_Data excerpt_.
* * * * * * * * *
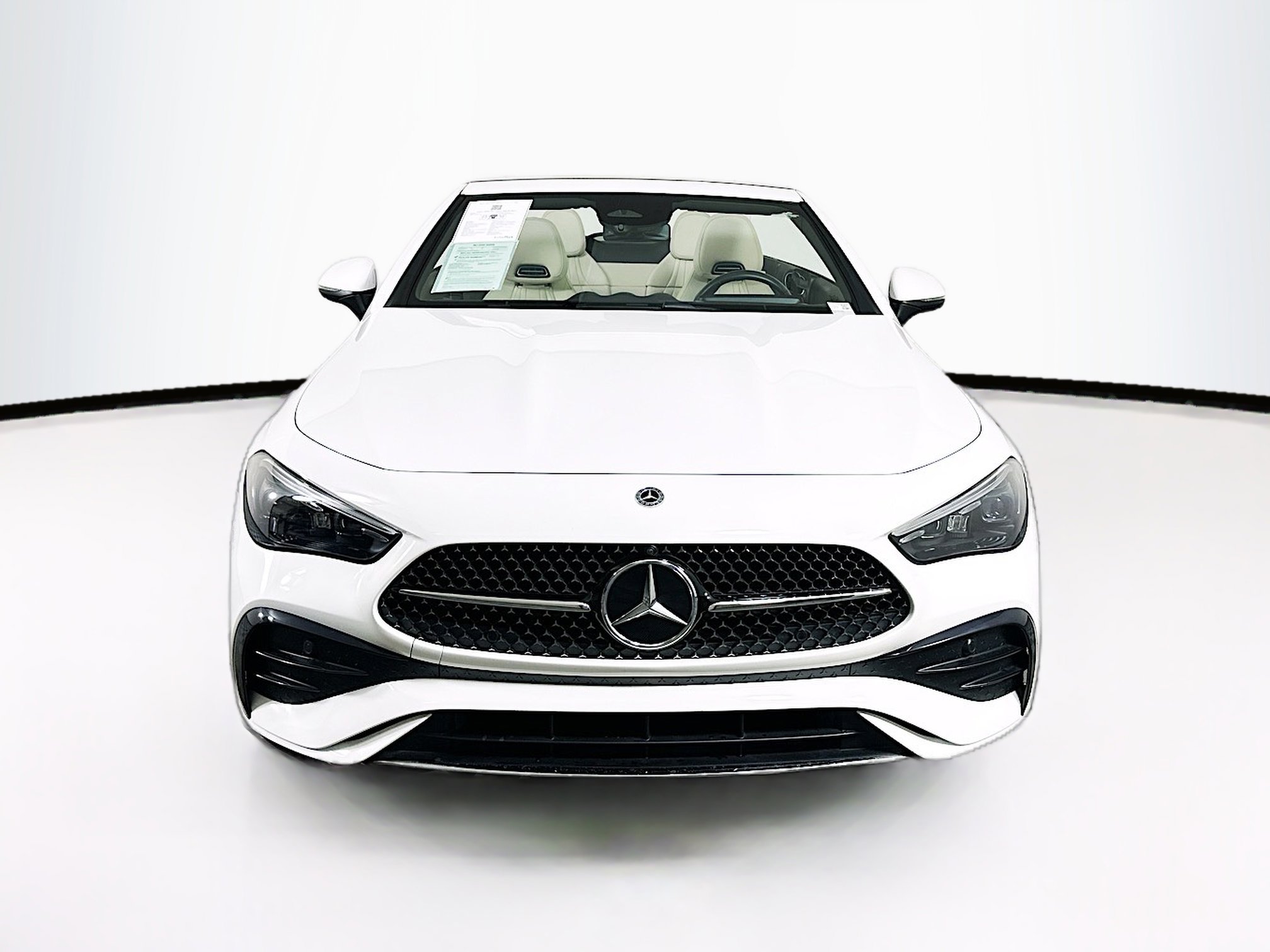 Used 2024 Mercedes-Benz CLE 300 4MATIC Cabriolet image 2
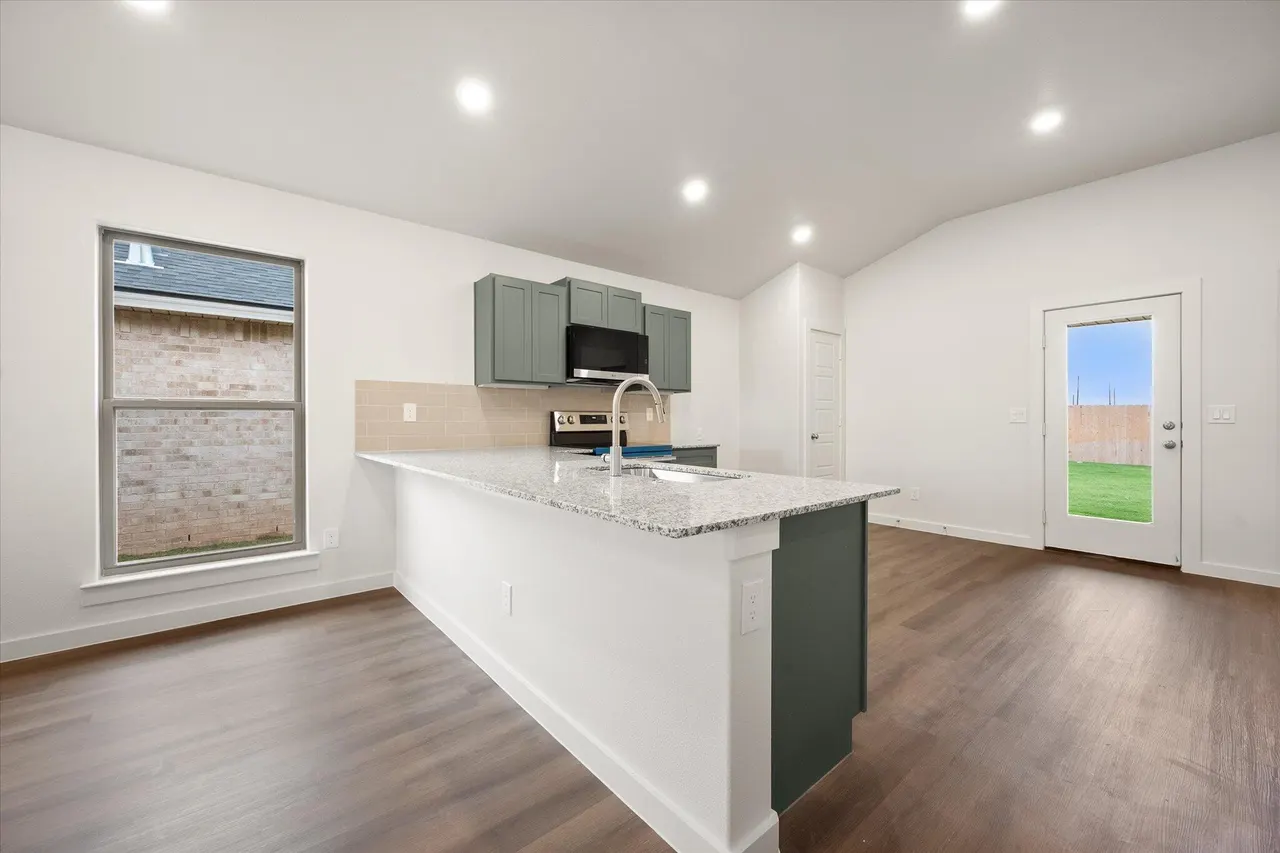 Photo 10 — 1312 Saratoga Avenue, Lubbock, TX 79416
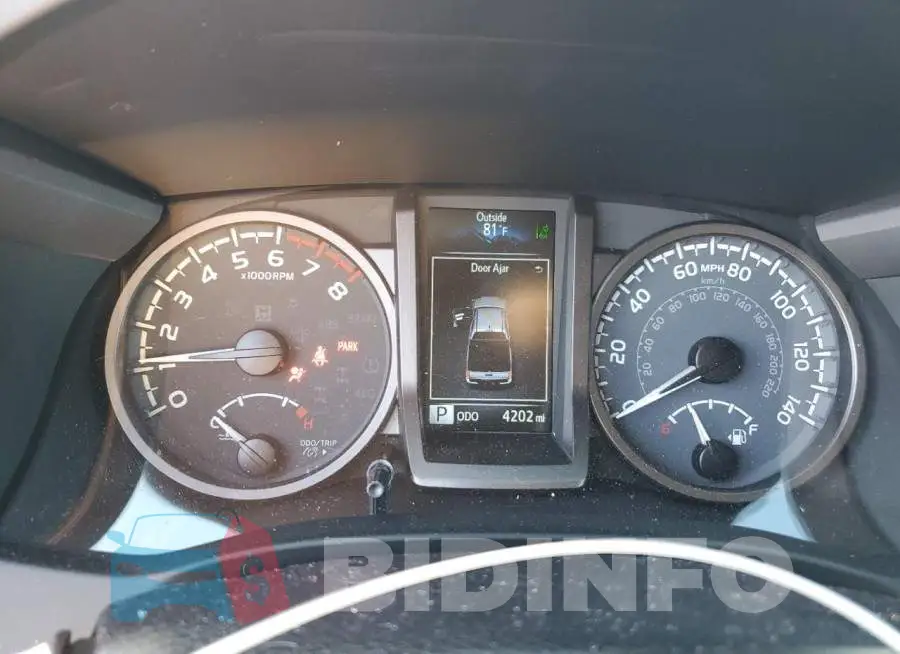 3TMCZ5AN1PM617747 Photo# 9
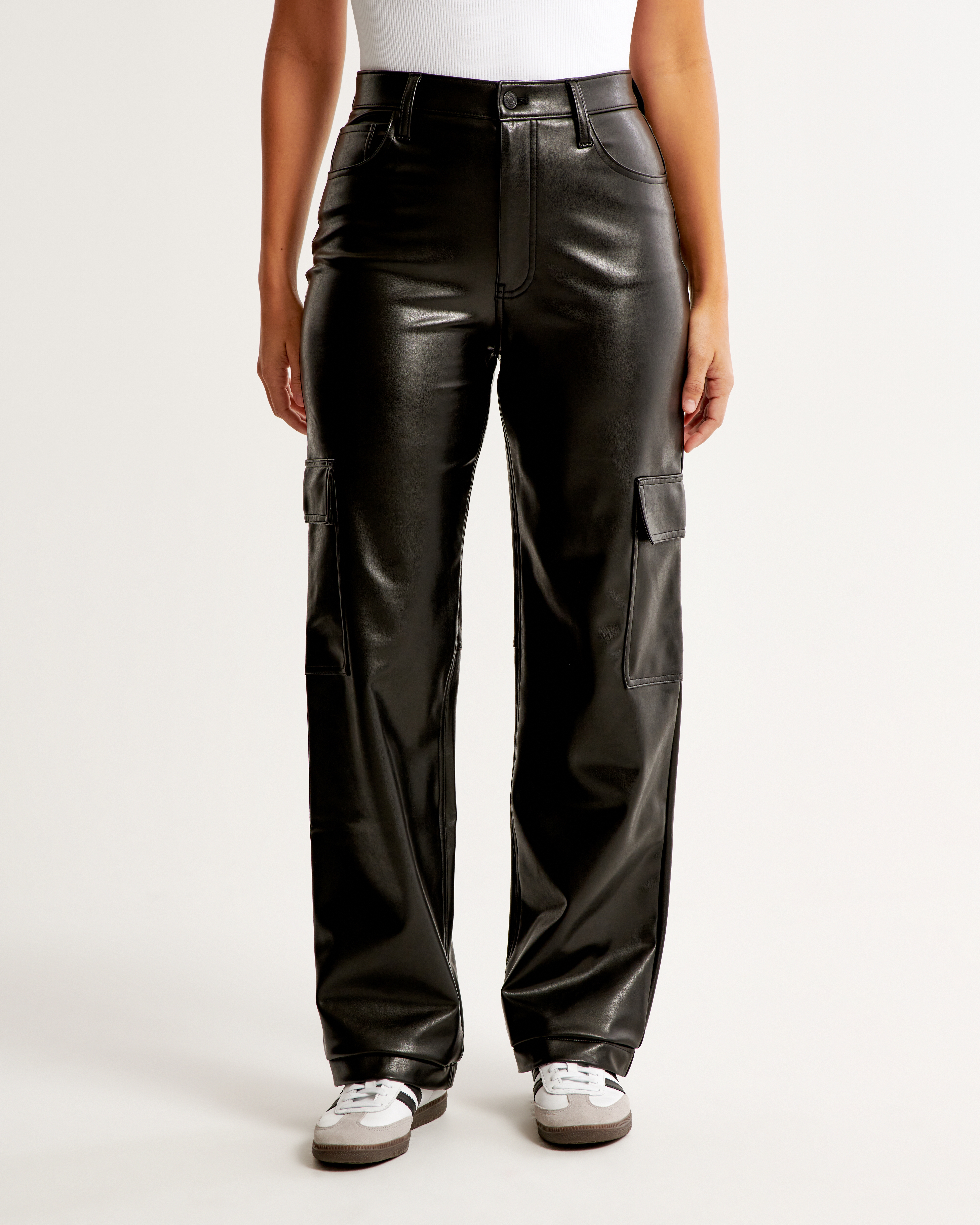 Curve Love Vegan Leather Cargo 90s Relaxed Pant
* * * * * * * * *
_What you need to do_.
With pictures omitted, copy exactly the lines from the one containing "Photo 10 — 1312" through the final line of the listing, both included.

_Solution to the problem_.
 Photo 10 — 1312 Saratoga Avenue, Lubbock, TX 79416
 3TMCZ5AN1PM617747 Photo# 9
 Curve Love Vegan Leather Cargo 90s Relaxed Pant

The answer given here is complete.